Coucou Pharmacos, je suis chez Voo, un opérateur belge (via câble). 
Penses-tu qu'il y a un endroit sur le mac où je pourrais voir cette information?


----------



## PA5CAL (18 Mai 2008)

Bonsoir

Ce type d'information n'est accessible qu'indirectement sur le Mac, et éventuellement sur le modem-routeur qui permet la connexion au réseau, sous la forme du volume de données et/ou du nombre de paquets échangés.

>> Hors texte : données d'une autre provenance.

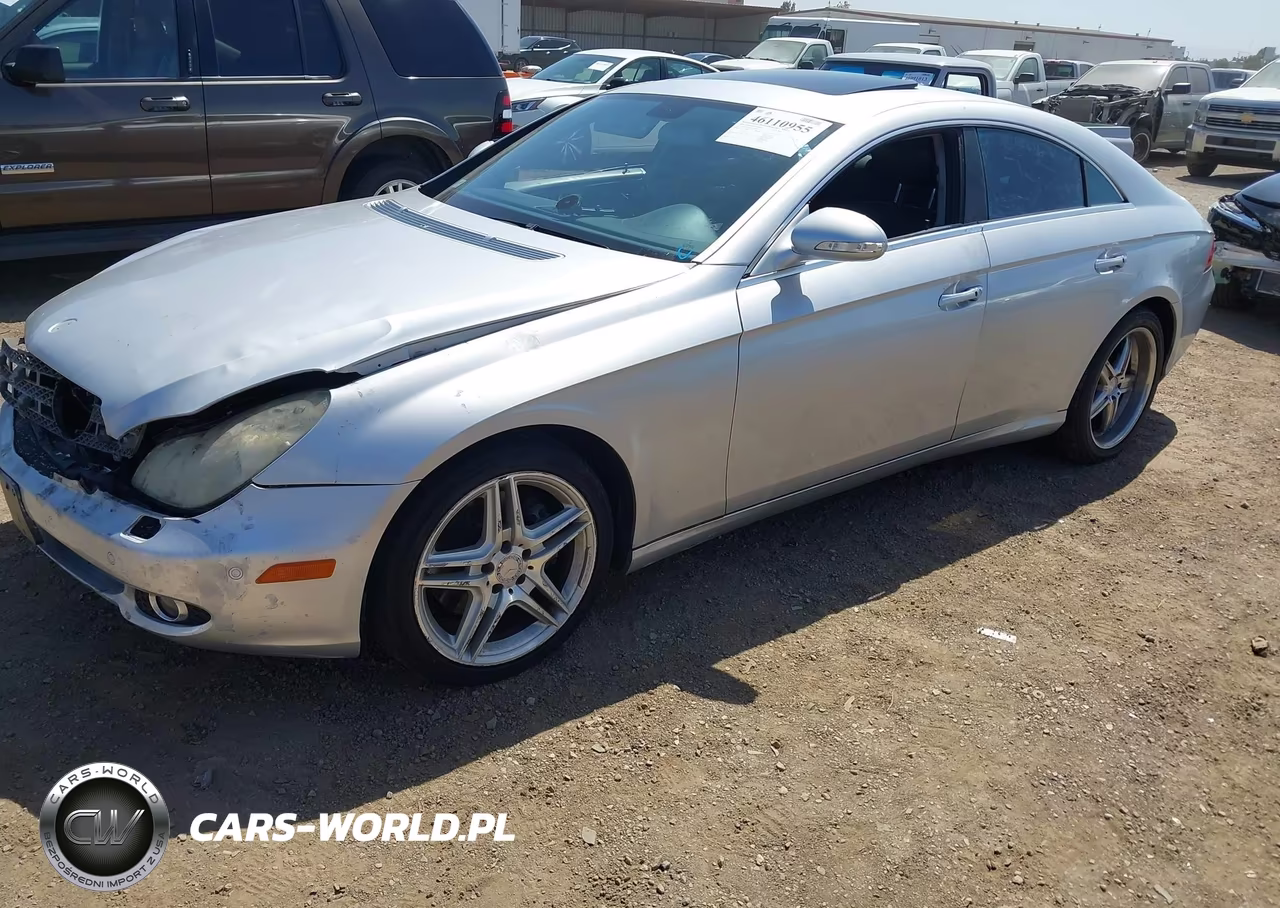 MERCEDES-BENZ CLS 500 VIN:WDDDJ75XX6A059059 - 2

On trouve notamment cette information sur le Mac dans le _Moniteur d'activité_ et l'_Utilitaire réseau_ (sous Tiger, en tout cas ; sous Leopard, c'est peut-être ailleurs).

Pour connaître le trafic mensuel moyen correspondant, il faut connaître également la durée pendant laquelle le comptage des paquets a été effectué. Cela correspond généralement au temps  pendant lequel l'appareil a été connecté au réseau depuis qu'il a été rallumé la dernière fois.

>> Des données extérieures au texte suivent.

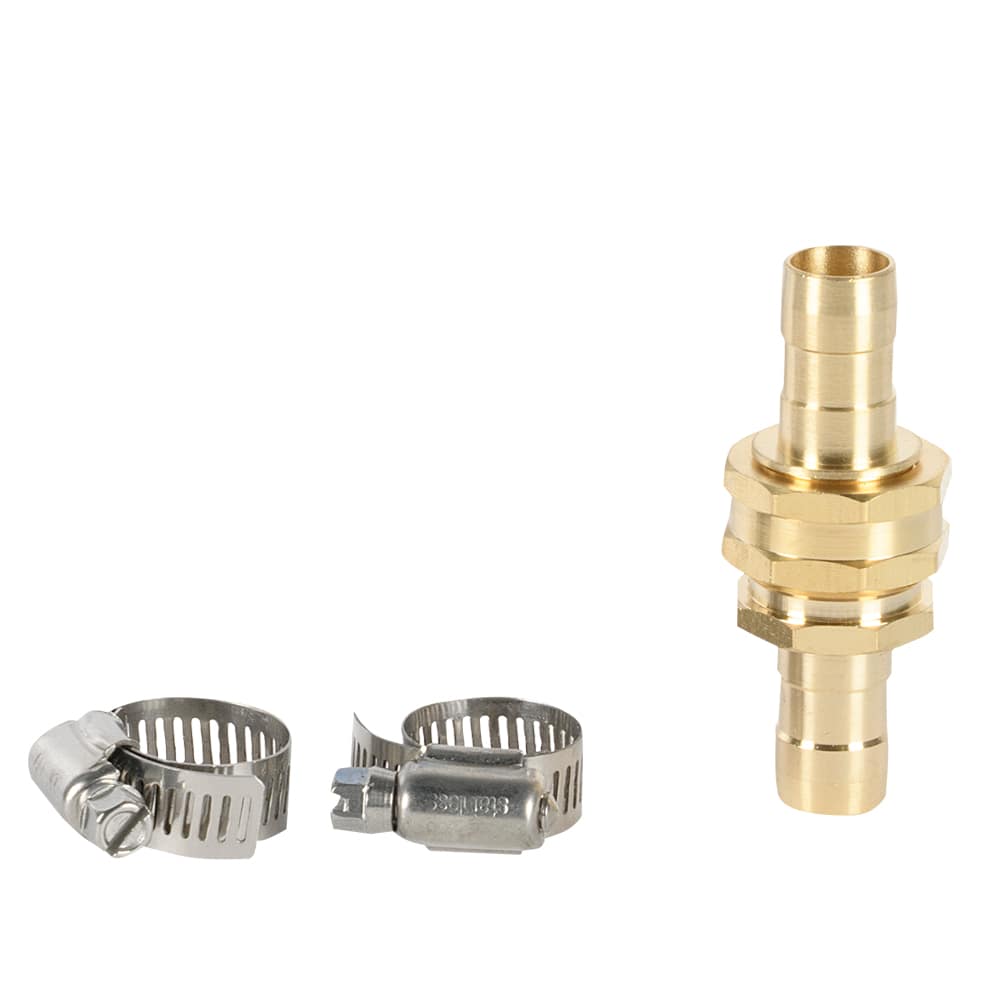 Water Hose Repair Couplings 5/8 in. (M x F)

Pour une information plus directe et précise, il faut se reporter aux statistiques que son FAI fournit généralement, ou bien utiliser un logiciel spécifique (il doit en exister quelques-uns sur Internet).


----------



## Eby (18 Mai 2008)

Merci beaucoup pour les informations. 

Hélas mon FAI ne donne aucune information.

J'ai bien trouvé l'Utilitaire réseau par contre je n'ai pas bien compris comment faire pour trouver la moyenne de l'utilisation mensuelle.


----------



## PA5CAL (18 Mai 2008)

Eby a dit:


> je n'ai pas bien compris comment faire pour trouver la moyenne de l'utilisation mensuelle.

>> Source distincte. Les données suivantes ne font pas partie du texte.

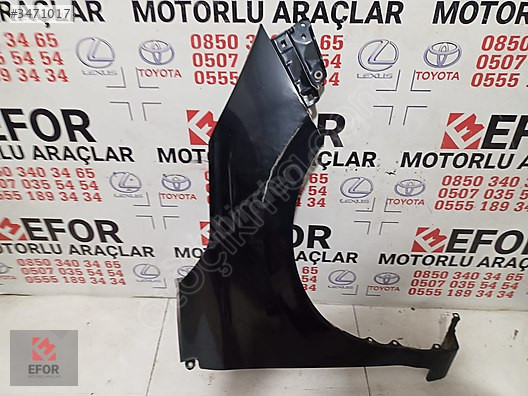 HONDA CİTY SAĞ ÖN ÇAMURLUK ORJİNAL ÇIKMA YEDEK PARÇA 21-24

Il faut diviser le volume échangé par le temps d'utilisation, puis le rapporter à une durée mensuelle.

Par exemple, je note chez moi que mon Mac est allumé depuis 72 heures sans interruption, et que mes compteurs indiquent 253006 paquets entrants (soit 322,87 Mo) et 155996 paquets sortants (soit 12,70 Mo).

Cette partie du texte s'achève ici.